Spotkanie delegacji Wielkiej Brytanii, Chin, Francji, Rosji i USA odbędzie się w czwartek wieczorem. Według nieoficjalnych informacji, zebrania zażądała Rosja. Delegaci nie doszli w środę do porozumienia w sprawie projektu rezolucji dotyczącej Syrii, zgłoszonego przez Wielką Brytanię.

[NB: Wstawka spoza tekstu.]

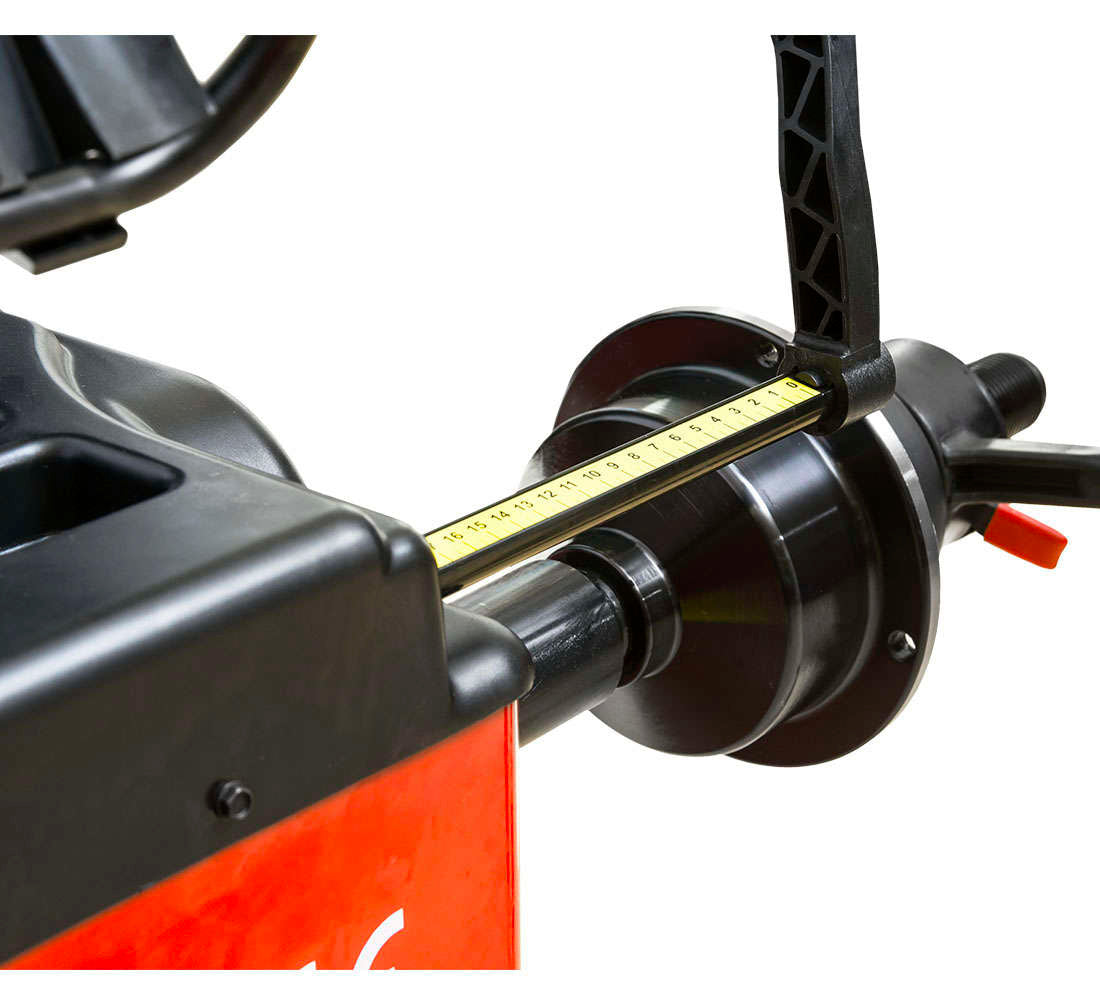 AUTOMATA CENTÍROZÓ - KERÉK KIEGYENSÚLYOZÓ GÉP 24"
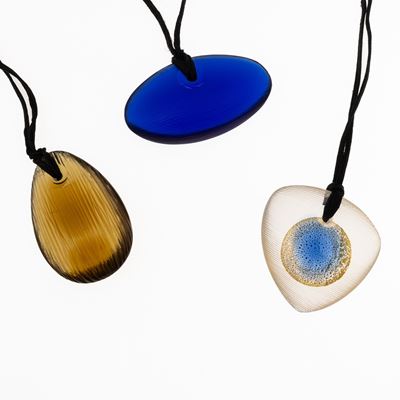Lotto di tre Talismani in vetro soffiato policromo con superficie incisa, Cielo e Luce, 1999
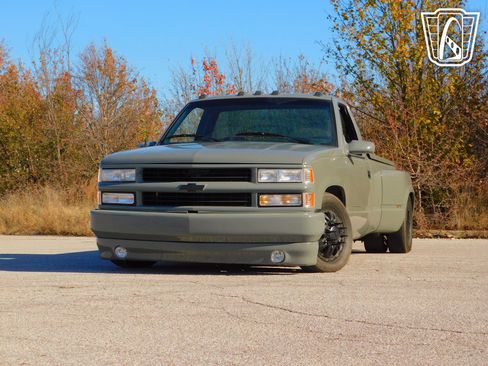 Used 1989 Chevrolet Silverado 3500 2WD Regular Cab image 21
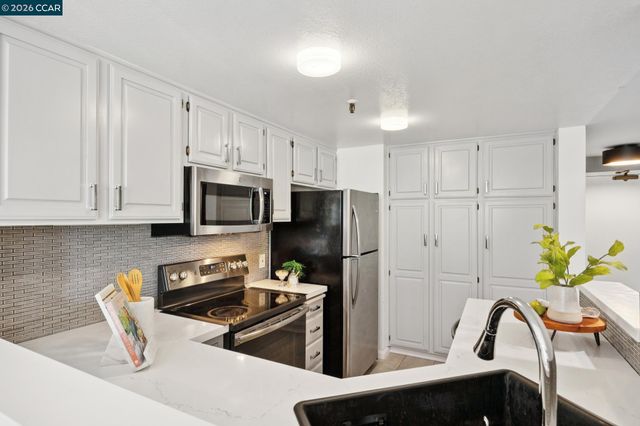655 Chetwood St 203, Oakland, CA 94610
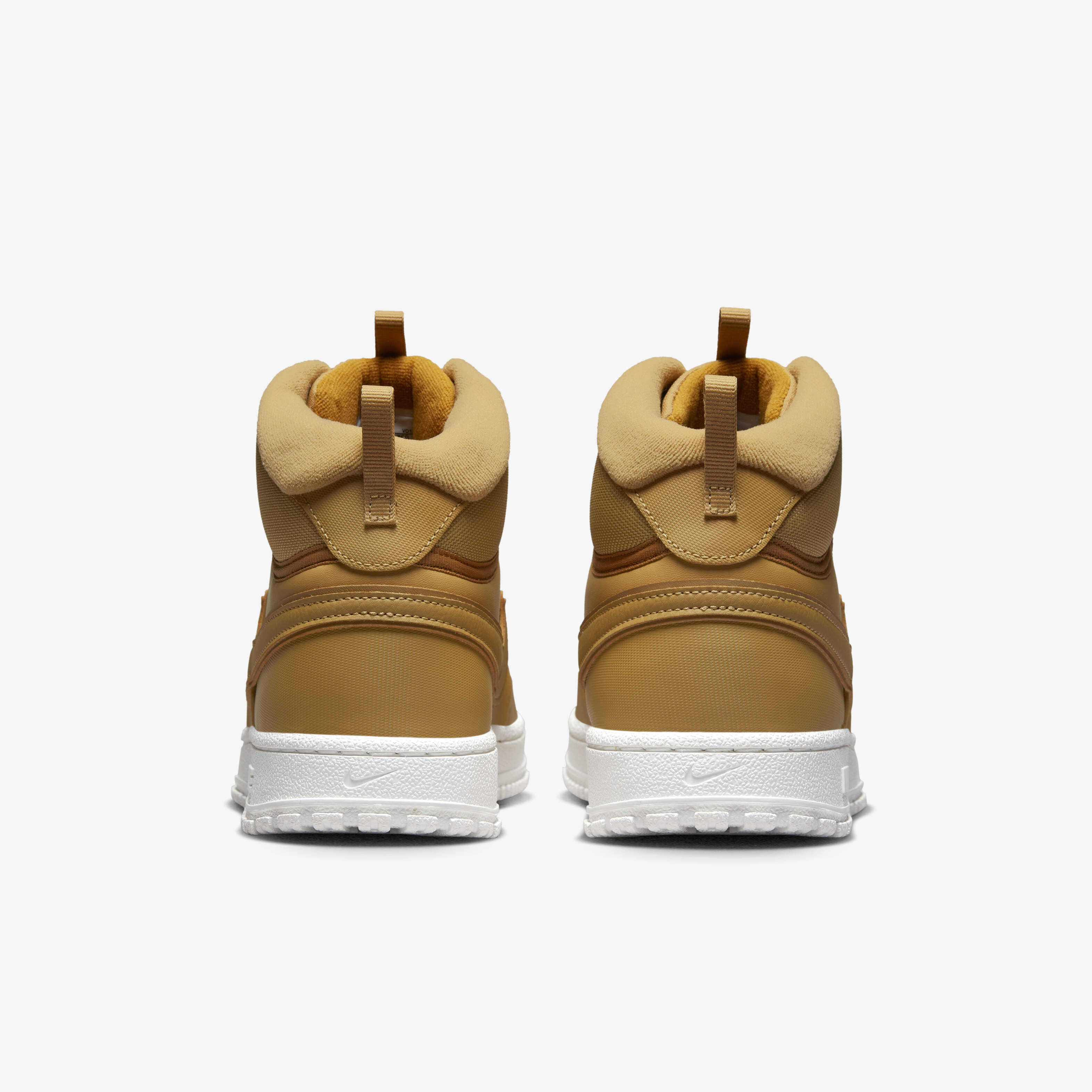 Nike court tour mid store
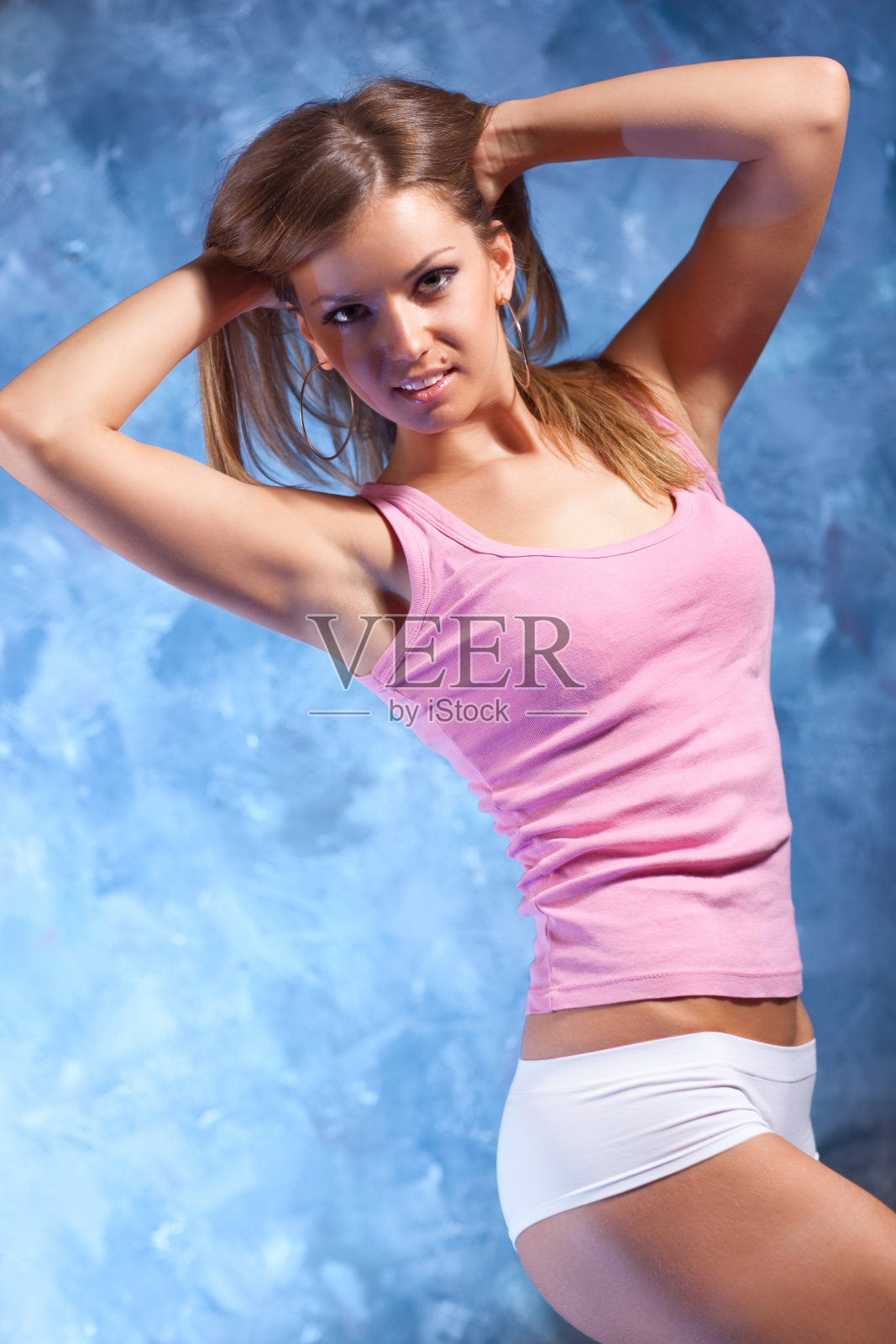 年轻女子健身运动照片摄影图片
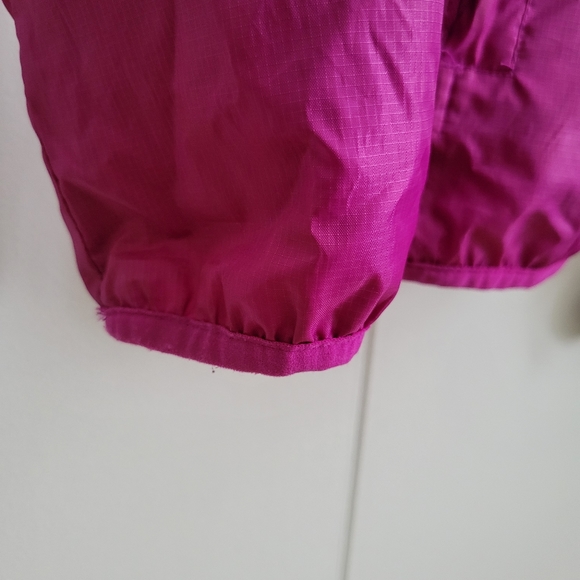 Beautiful fuschia pink Alpinetek windbreaker. Size small. - Picture 6 of 10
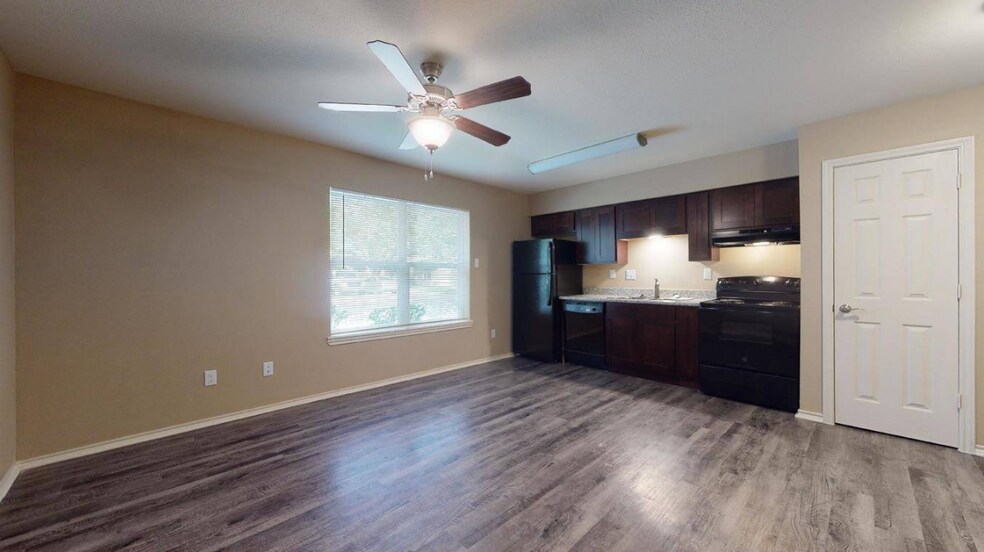 More Photos Of 800 Avenue F, Bay City Apartments For Lease
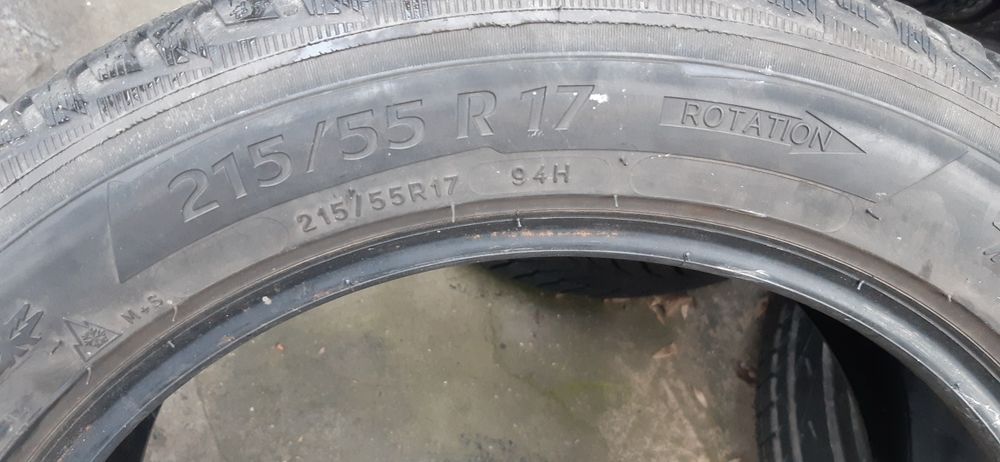 4 anvelope 215/55r17 marca Michelin 2021 preț 220 lei bucata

W czwartek inspektorzy ONZ po raz trzeci wyruszyli w teren, aby zbierać ślady użycia broni chemicznej na przedmieściach Damaszku sprzed tygodnia. Wyniki ich prac mają dostarczyć odpowiedzi na pytania o to czy na pewno zastosowano gazy bojowe i kto to zrobił.

Jak długo będą czekać?

W środę Ban Ki Mun apelował, aby dać inspektorom kilka dni na dokończenie prac. Teraz doprecyzował, że specjaliści ONZ opuszczą Syrię w sobotę rano. Na tym nie zakończy się jednak ich praca. Pobrane próbki muszą zostać poddane analizom. Ban Ki Mun i między innymi Rosja apelują o wstrzymanie się z ewentualnym atakiem na Syrię do momentu, gdy inspektorzy przedstawią pełne wyniki swoich badań. Nie wiadomo kiedy ma to nastąpić, ale może to zająć wiele dni. Pytaniem pozostaje, czy USA i grupa państw prących do interwencji będą rzeczywiście czekać na pełne wyniki badań, czy zaatakują krótko po wyjechaniu inspektorów. Jeśli to drugie, to interwencja mogłaby nastąpić najwcześniej w noc z soboty na niedzielę. Jak wskazuje praktyka, interwencje tego rodzaju zazwyczaj zaczynają się nad ranem. USA i państwa stawiające na interwencję nie zadeklarowały, że będą czekać na wyniki prac inspektorów.